Wednesday, December 29, 2010

Our First Burundi Christmas 2010!

Christmas isn't christmas without a little cooking!  So sweet Soeur Malabi, with a heart of gold, came to teach Sister Jameson and me to make "Sweetened Peanuts-African Style!"
For some of the business people in the community and also the workers around our apartment complex, I made up some cookies to share!  I really missed handing out Raspberry Jam to all of our friends and neighbors back at home.  That had been a tradition for 16 years.  It isn't Christmas if you cannot give!
A week before Christmas our new little Bujumbura group had a wonderful Christmas Nativity program written and directed by Sister Jameson!  There were many loose ends as the time came for it to start.  We didn't know how many to expect but as you can see, we had a great group and we were prepared!
 The children played two games and there was much laughter and fun written on their faces!
 Elders Jameson and Frogley helped with some of the speaking parts, but Sister Jameson made sure every child had something to do in the program.  We had about 25 children.
 This is a 12 year old boy, Anicet and his little sister.  He speaks Kirundi but has only missed one Sunday's attendance in 17 weeks.  For this program, he memorized a small speaking part in French!!  It was wonderful and surprising!! His sister placed a wooden character in the nativity scene.
Afterwards, we served Banana Bread and apple juice with sweetened nuts!  We had enough for all of the children and their family members that came!  We even fed the young Elders who, by the way, sang beautiful christmas carols together for all to hear! They are tremendous singers!
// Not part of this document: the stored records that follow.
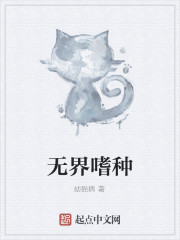 无界嗜种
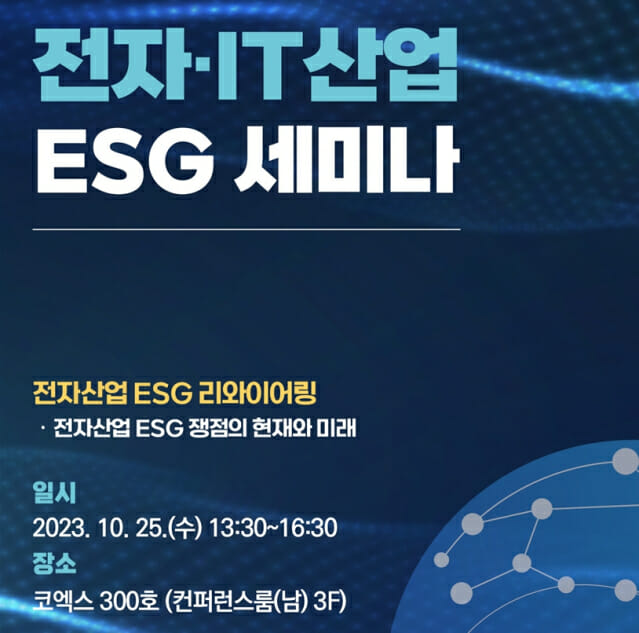 전자·IT산업 ESG 이슈·해결책 논의의 장 열린다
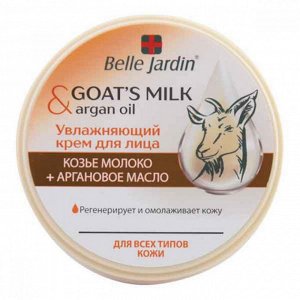 B.J. Goat'smilk & Argan oil Увлажняющий крем для лица Козье молоко и Аргановое масло 200 мл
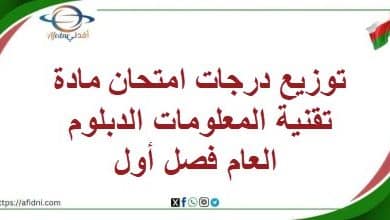 توزيع درجات امتحان مادةتقنية المعلومات الدبلوم العام فصل أول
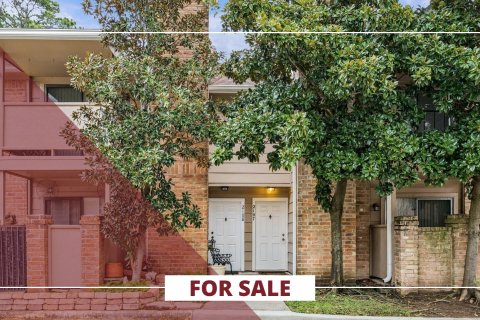 2800 Jeanetta Street #2107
Then it was Christmas Eve!  The two missionary couples planned and executed the evening....but then.....we were all there is!!  Our plan was to have a dinner menu of foods from the Holy Land and then have Elder Frogley give a powerpoint presentation on the Holy Land and symbolism of the birth of our Savior! It went without a hitch!

Haroset is a salad that is to remind those partaking of the food, of the blood and flesh that was shed when the pharoah had the people build the pyramids of Egypt. This was Elder Jameson's favorite of the night!
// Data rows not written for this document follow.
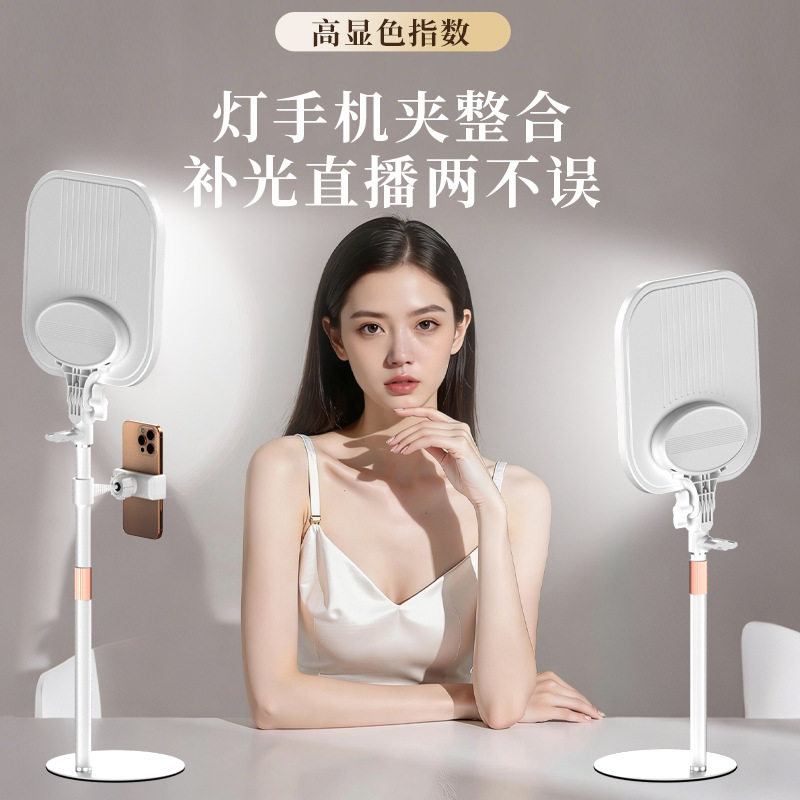 桌面直播打光灯手机夹一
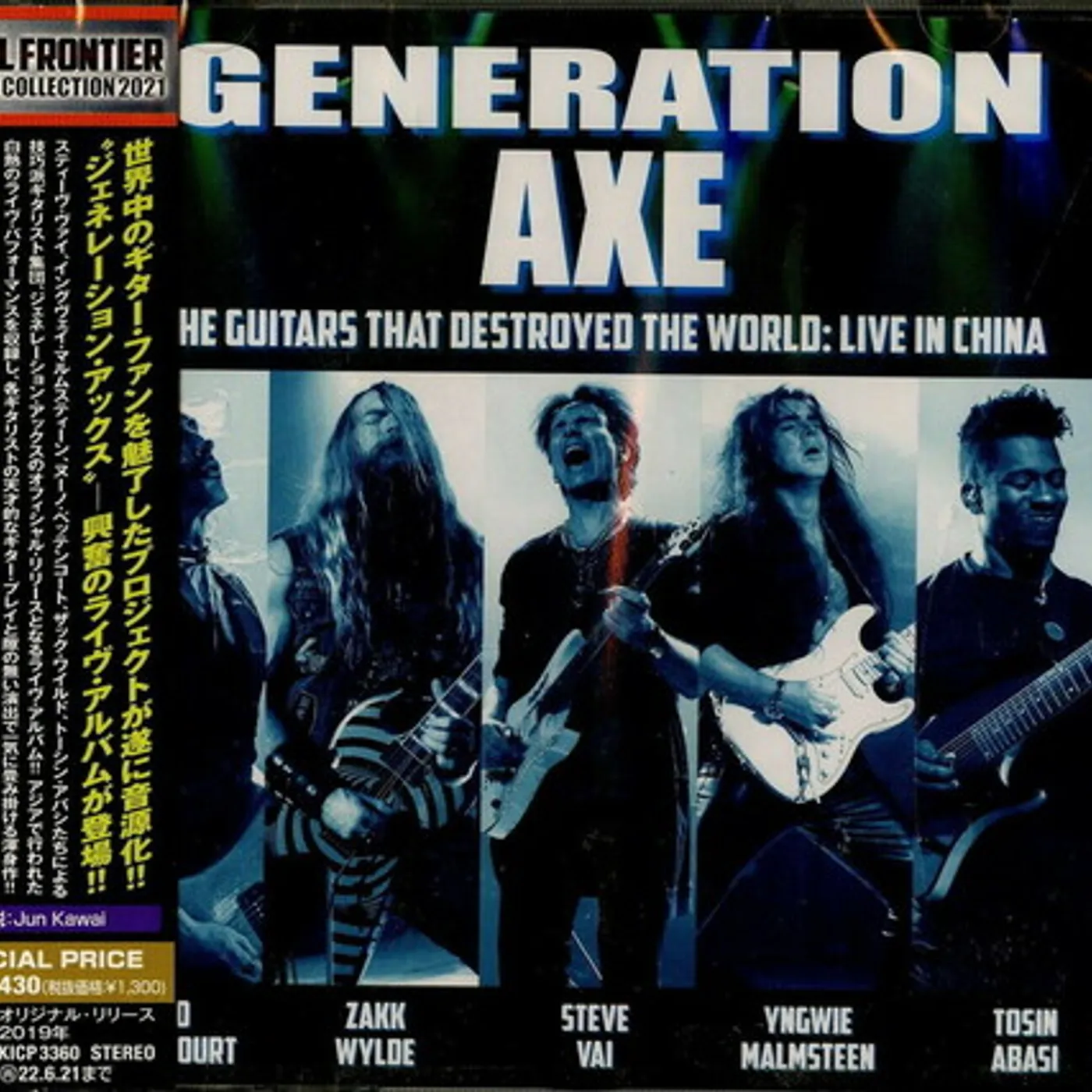 Generation Axe GUITARS THAT DESTROYED THE WORLD: LIVE IN CHINA CD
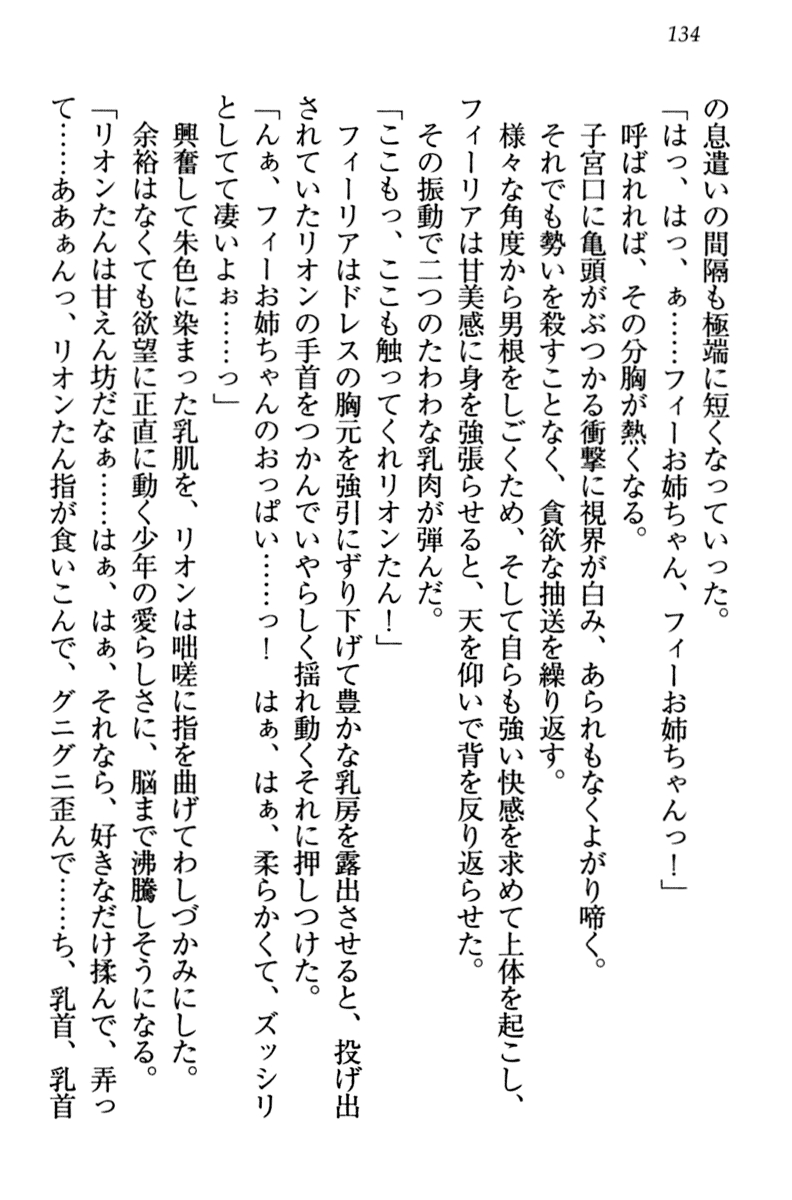 [Yamaguchi Akira, Higa Yukari] Shinryakujotei to Kawaii Ouji!? Onnakishi made Sansenchuu 143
Tabouli salad is a very traditional salad from the Holy Land. This is made with quinoa, tomatoes, cucumbers, onions, garlic, avocados, parsley and mint in a lime sauce. Very delicious!

This was an Israeli Soup which tasted alot like minestrone. M-m-m-m!
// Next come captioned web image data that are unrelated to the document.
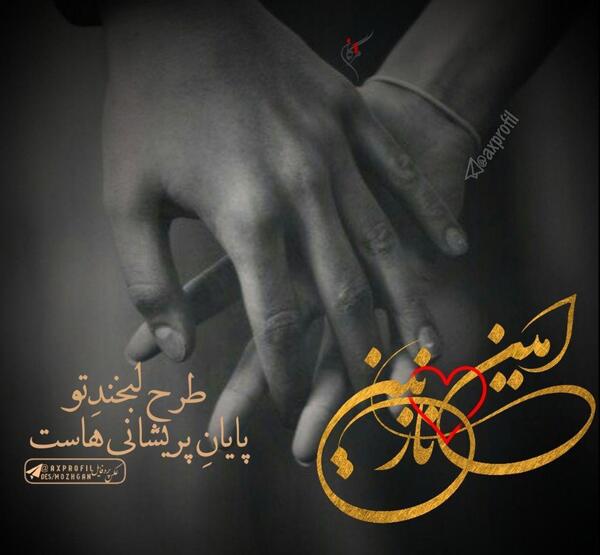 عکس نوشته ابوالفضل و حنانه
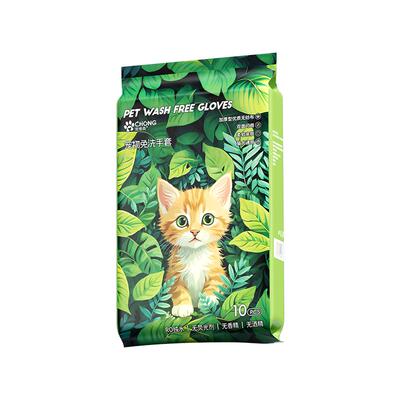 宠物免洗手套猫咪清洁湿巾手套狗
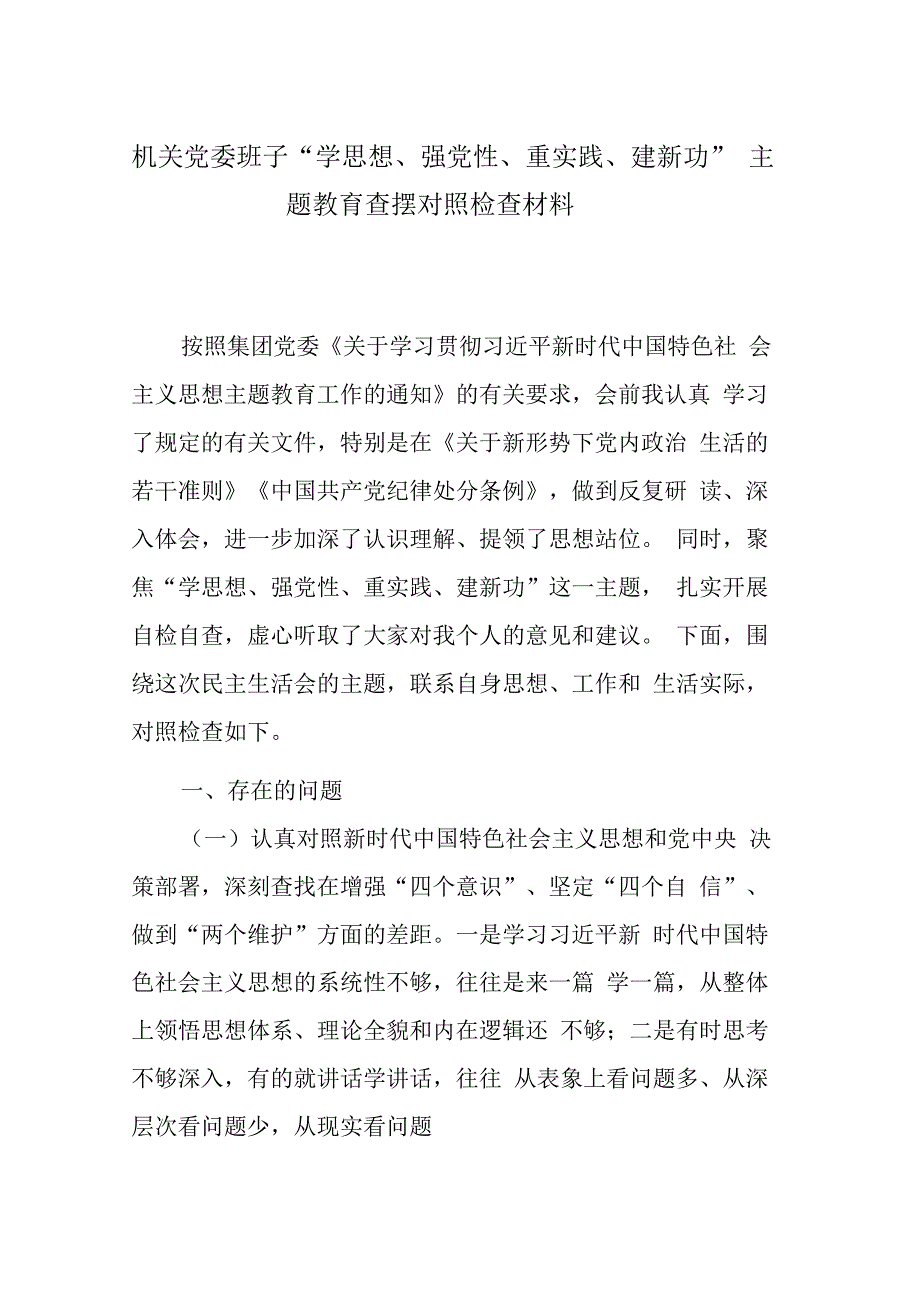 机关党委班子学思想强党性重实践建新功主题教育查摆对照检查材料.docx_第1页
We had homemade flat bread and some rolls.  Topped off  with the traditional drink of grape juice!!

It was nice to have each other to share with.  The Jameson's shared that last year they were all alone on Christmas eve in Lubumbashi!

 We then enjoyed Sister Jameson's apple pie and almond macaroon cookies for dessert.
Thank goodness for technology!  Elder Frogley then shared some wonderful insights and sights of the Holy Land!  It was a very meaningful Christmas Eve! Then we just sat and visited for a while!  It was relaxing and wonderful!
It is marvelous each year to remember the condescention and birth of our Savior, Jesus Christ!
On Christmas Day, the two couples hosted a Christ celebration for the eight young Elders.  True to African tradition, time was irrelevant and they were over an hour late!  Could it be because two of them had been held by the police earlier in the morning?  Only the Jameson's could answer that for you!!  Thank goodness, it was all innocent and they did nothing wrong!
So we started with a gift TAKING game and had a good time laughing!

Then Elder Frogley taught the significance of Christ's birth and the typology of Joseph Smith to Jesus Christ. After that, they listened and saw our prophet via video, Thomas S. Monson, speak about, "What shall I give?"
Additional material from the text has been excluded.